Many are taught in the most horrific way possible: the teacher-directed lecture. It has been proven that in traditional lecture classes an astonishing 50% of the students are more likely to fail. A famous Nobel Laureate once stated, “Traditional courses are simply unethical.”
Being a former middle school teacher, I could not agree more. There is plenty of data that scientifically proves the best ways people learn things. Unfortunately, many public schools, universities, and corporate training programs blatantly ignore it.
The following have proven to be the best methods to teach people the priceless trait of learning how to learn. Since most Americans are as illiterate about money as I am about carpentry, let’s use finance as the topic to apply these skills:
- Find meaning – You can’t just tell people something is important.

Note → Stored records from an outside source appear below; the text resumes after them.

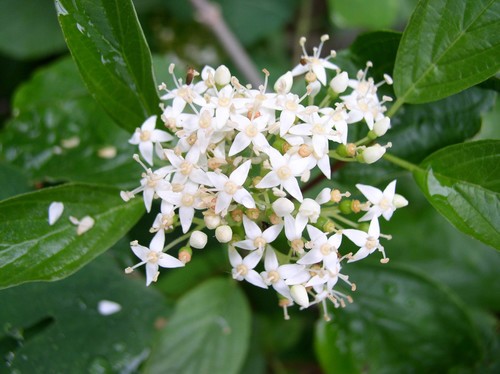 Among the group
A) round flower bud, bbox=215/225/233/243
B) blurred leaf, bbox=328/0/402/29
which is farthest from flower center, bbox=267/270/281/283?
blurred leaf, bbox=328/0/402/29

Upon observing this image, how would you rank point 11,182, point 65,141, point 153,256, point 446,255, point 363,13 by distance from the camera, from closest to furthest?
point 153,256 → point 11,182 → point 65,141 → point 446,255 → point 363,13

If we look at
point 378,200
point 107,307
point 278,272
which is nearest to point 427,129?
point 378,200

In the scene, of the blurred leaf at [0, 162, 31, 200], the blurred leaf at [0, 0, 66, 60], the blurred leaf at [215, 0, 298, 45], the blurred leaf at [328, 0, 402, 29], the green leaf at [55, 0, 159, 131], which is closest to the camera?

They need to find this meaning for themselves in order to learn. Instead of saying “money is something you need to know about,” try to have your target audience relate the topic to someone they care about who had difficulty with finances. Then they can ponder what it would be like if they had the ability to offer assistance to this situation.
- Avoid cognitive overload – Short-term memory can only process so much information. Why do you think it is much easier to remember 911 rather than your friend’s seven-digit number? Think of the success of Nike’s slogan “Just do It.” Chunk the information in to bite-sized pieces. It is probably not a good idea to teach the difference between stocks and bonds, and explore monetary policy — all on the same day.
- Active learning works best – Put down the highlighter and stop mindlessly re-reading the same passage over and over. Instead quiz yourself on the material and ask good questions like: “Why is this material important to me?” This will stimulate your learning process. Every financial literacy class should end with a brief quiz to enhance retention.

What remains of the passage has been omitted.